Bacteria strains were cultivated routinely on GB broth (glucose, 10 g liter−1; peptone, 10 g liter−1; beef extract, 2 g liter−1; yeast extract, 1 g liter−1; NaCl, 5 g liter−1) (27) solidified with 1.5% agar. For lipopeptide production and liquid chromatography-mass spectrometer (LC-MS) characterization, the bacteria were grown in Landy medium (28). When required, antibiotics were added to a final concentration of 100 μg ml−1 for ampicillin (Amp) or 20 μg ml−1 for tetracycline (Tet).

Identification of lipopeptides produced by B. amyloliquefaciens SQR9.

To identify and characterize the lipopeptides produced by B. amyloliquefaciens SQR9, the supernatant of B. amyloliquefaciens SQR9 was analyzed by reversed-phase high-performance liquid chromatography (RP-HPLC) and LC-MS as described previously (29). B. amyloliquefaciens SQR9 was grown in Landy medium at 30°C for 60 h, and the lipopeptides were then isolated by acid precipitation with concentrated HCl at pH 2.0. The precipitate was recovered by centrifugation at 8,000 × g for 20 min, washed twice by acidic deionized water (pH 2.0), and then extracted twice with methanol (28). The pooled extraction solution was dried with a rotary vacuum evaporator, and the residue was dissolved in 1 ml of phosphorous buffer (PBS; 0.01 M [pH 7.4]). The supernatant of SQR9 was filtered through a 0.22-μm-pore-size hydrophilic membrane.

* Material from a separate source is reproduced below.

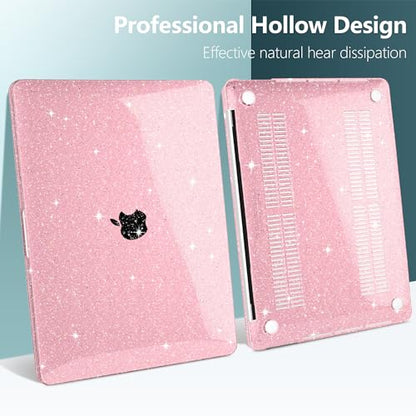 for MacBook Pro 13 inch Case 2023 2022 2021 2020 Release Model A2338 M2/M1 A2289 A2251 with Touch Bar & Touch ID, Glitter Bling Plastic Hard Shell Case & Keyboard Cover, Star Pink - color: Star Pink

LPs were separated by RP-HPLC equipped with reversed-phase C18 analytical column (9.4 by 150 mm; Agilent Technologies, Santa Clara, CA). The flow rate was 0.84 ml/min using gradient elution with a detecting wavelength of 210 nm. Mobile phase A and mobile phase B were acetonitrile and 0.1% acetic acid in water, respectively. The elution conditions were from 0 to 9 min 60 to 93% (vol/vol) mobile phase A plus 40 to 7% (vol/vol) mobile phase B and from 9 to 20 min 93% mobile phase A and 7% mobile phase B. An Agilent 6410 triple quadrupole LC/MS apparatus (Agilent Technologies) was used to determine the molecular weights of the antifungal compounds identified by RP-HPLC. The electrospray needle was operated at a spray voltage of 4.5 KV and a capillary temperature of 300°C. The mobile-phase components were acetonitrile (A) and 0.1% acetic acid (B) in water at a ratio of 70:30 with a flow rate of 0.3 ml min−1. The MS analysis was done by electrospray ionization in positive ion mode.

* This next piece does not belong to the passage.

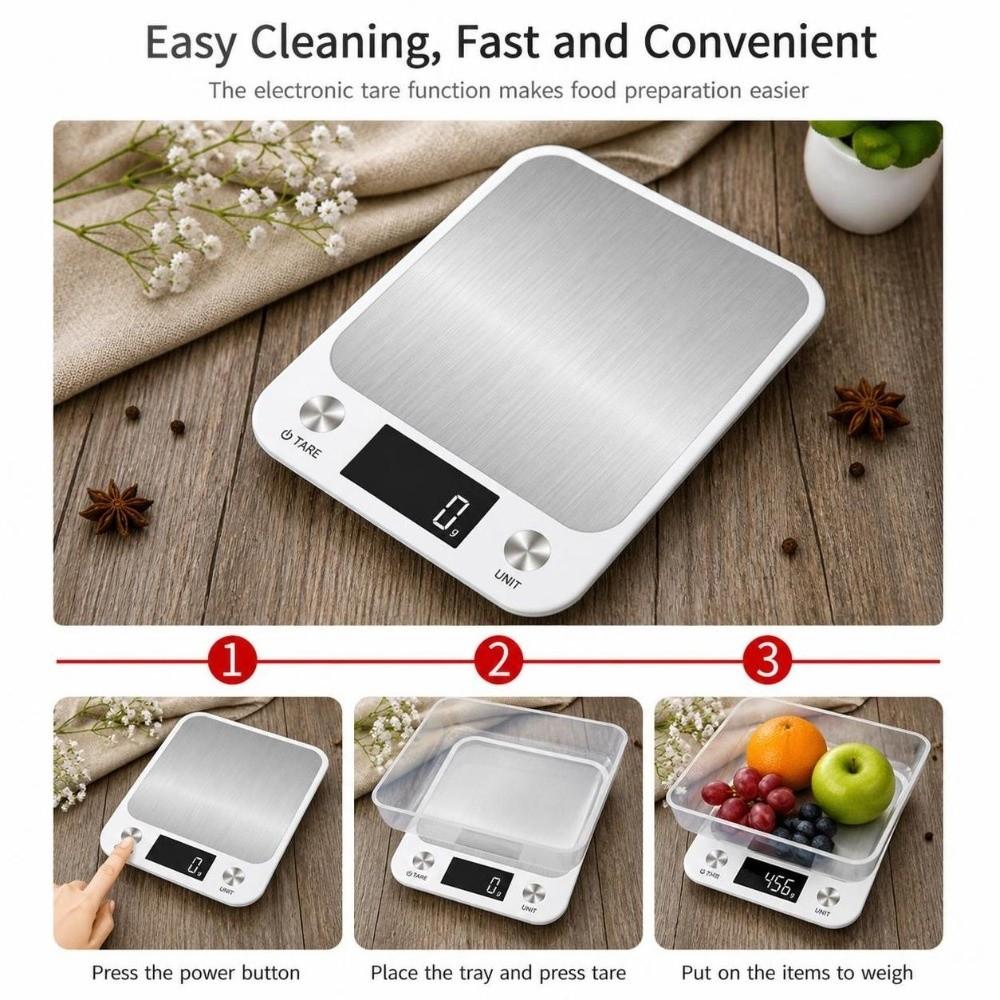 White SIlver Food Scale ABS Stainless Steel Top Baking Scale Digital Kitchen Scale  Home Kitchen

Bioassay of antagonistic activities against F. oxysporum of the RP-HPLC eluted fractions, B. amyloliquefaciens SQR9 and its mutants.

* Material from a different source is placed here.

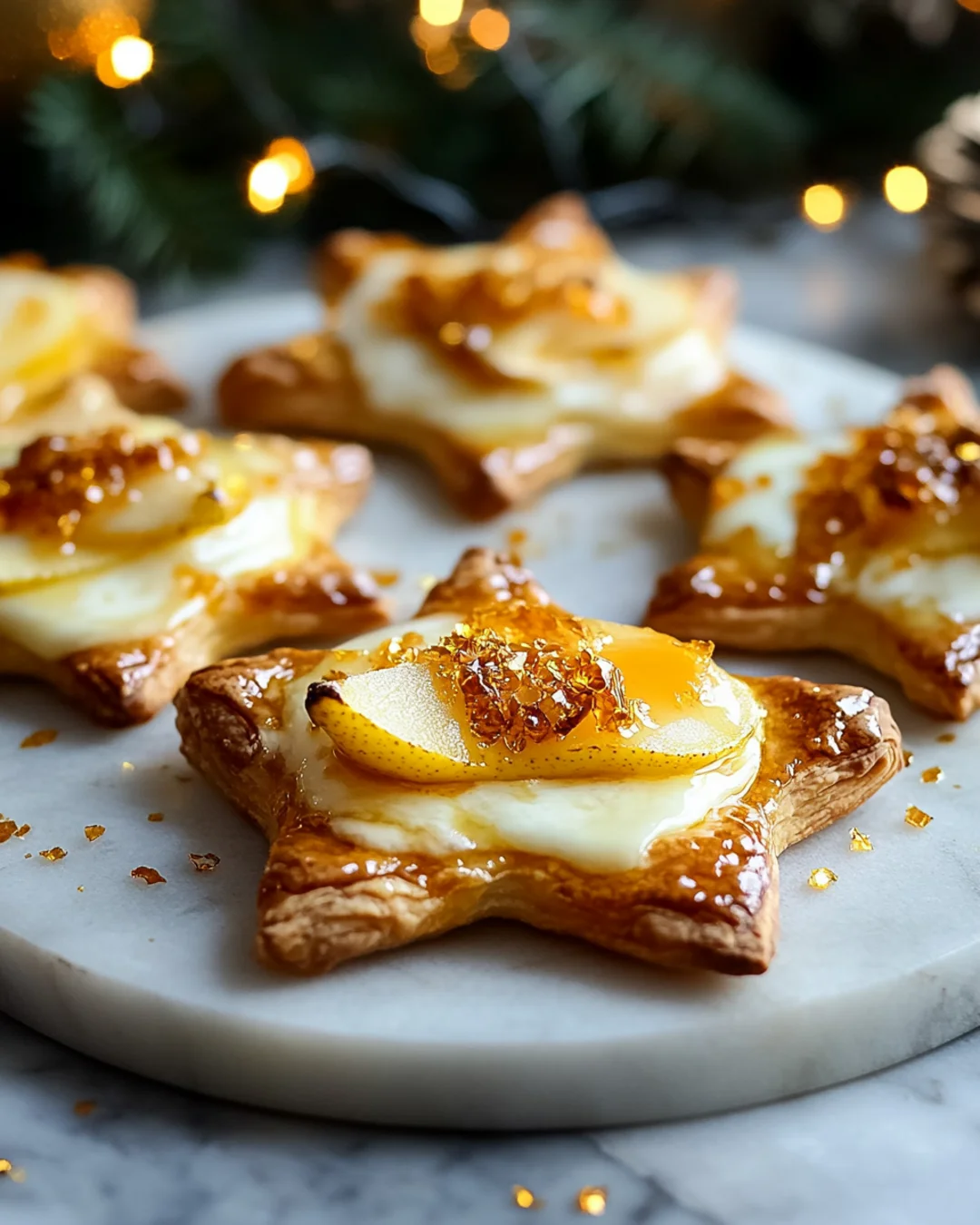 Pear, Brie & Honeycomb Pastry Stars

B. amyloliquefaciens SQR9 was grown in Landy medium at 30°C for 60 h, and the lipopeptides were isolated as previously described. The antifungal activities of the six fractions were separated, collected by RP-HPLC and tested on potato dextrose agar (PDA) plates. A volume of 30 μl of collected fraction was dropped into an Oxford cup placed 2 cm from the edge of a petri plate and allowed to diffuse into agar. A plug (about 1 cm in diameter) of F. oxysporum from a 5-day-old (25°C) PDA plate of the growing F. oxysporum was placed in the center. The plates were then incubated at 25°C, and the distance between the edges of the petri dish and the fungal mycelium were measured after 5 days. The experiment was repeated three times. To determine the roles of lipopeptides from B. amyloliquefaciens SQR9 in biological control of F. oxysporum, bmyD and fenA genes were disrupted by double cross-recombination. The antifungal activities of B. amyloliquefaciens SQR9 and its mutants against F. oxysporum were tested using the same method. A volume of 30 μl of supernatant of B. amyloliquefaciens SQR9 and its mutants (incubated in Landy medium at 30°C for 60 h) was loaded in an Oxford cup.

Conidial germination inhibition bioassay.

The supernatants of B. amyloliquefaciens SQR9 and its mutants were tested in the antifungal assay. The conidia of F. oxysporum were used as targets, and the concentration of conidial suspension was adjusted to 105 conidia ml−1. In each test, 25 μl of supernatant (or diluted supernatant) was mixed with 25 μl of conidial suspension and incubated at 25°C for 12 h. One hundred conidia were selected randomly under a light microscope, and the percentage of inhibition was calculated (number of ungerminated conidia/100). The experiment was repeated three times.

Biofilm assay of B. amyloliquefaciens SQR9 and its mutants.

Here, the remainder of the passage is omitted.